Some folks scoff at Valentine’s Day as one created by greeting card companies to bolster winter business. For parents, a less jaded view of this holiday may be in order, especially for those with young children. Most psychologists agree that parents teach their children to love, not only by treating them lovingly, but also by modeling loving relationships. Central to a child’s developing ideas about marriage is the relationship between his or her parents.

Unfortunately, when children are small, demanding much of your time and attention, finding the energy to devote to your spouse too often falls low on the priority list. Perhaps this Valentines Day, rather than chocolates and flowers, you might exchange schedules. Get a babysitter for the evening and carve out some ongoing adult time to spend with one other.

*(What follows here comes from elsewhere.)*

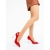 Pantofi dama cu toc rosii din piele ecologica lacuita Adorina, 3 - Kalapod.net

Calendars, reservations, dressing up, babysitters — the process may seem like far too much hassle, but when pitted against the significance of your marriage, suddenly planning date nights seems a small sacrifice. Each time your children watch you work hard to put your relationship above the daily drone of life, you will teach them that marriage is important and that if you love someone, you make time for them.

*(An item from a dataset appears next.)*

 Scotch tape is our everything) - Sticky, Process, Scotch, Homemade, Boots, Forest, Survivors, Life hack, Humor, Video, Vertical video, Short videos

Once you have a schedule in place, the hardest part may be figuring out where to go or what to do. Here are a few ideas to help get the ball rolling.

Make It Fun
Mandatory weekly dinners at a restaurant when you are both tired from long days spent at the office and/or with the kids may feel too much like a chore and defeat the purpose of connecting with your spouse. Consider doing something active instead — playing golf, tennis, or even putt-putt, whatever you both enjoy. The activity is good for your health, and the sport will hopefully bring out the playfulness in the two of you.

Get Cultured
There are so many wonderful events in the Chattahoochee area. Take in concerts at the RiverCenter or plays at the Springer. If money is an issue, go to free exhibits at The Columbus Museum or visit historical sites like the Chattahoochee Indian Heritage Center at Fort Mitchell. Taking advantage of all that our communities have to offer will enrich you both as individuals and as a couple, sparking conversation and enjoyment you can share throughout the week.

Try Something New
The daily grind can drive a marriage straight into a rut. Shake things up by learning something new together. Sign up for dance lessons or painting classes, take up horseback riding or learn another language. While exploring a new world together, you will likely discover new territory within the relationship as well.

Go on Mini Dates
If you have no family close by and struggle with finding a regular babysitter, consider going on mini dates. Ask a neighbor to stay with the kids for 20 minutes after dinner, two or three times a week, and simply take a walk, hand-in-hand with your spouse around the neighborhood. Make a pact to focus on each other, not the kids or work. Talk about future plans, discuss your thoughts on current events, talk about the weird dream you had the other night — anything other than work and children.

Schedule Love Talk
Get up 10 minutes earlier or stay up 10 minutes later every day and spend it talking about what you love about each other. Tell him you love that he kisses you every day before work. Tell her you love that she lets you sleep in on the weekend. Tell him you love that he takes out the trash without complaint. Tell her you love her laugh. Focusing on the good stuff is a great way to start or end the day, and helps remind you why you fell in love in the first place.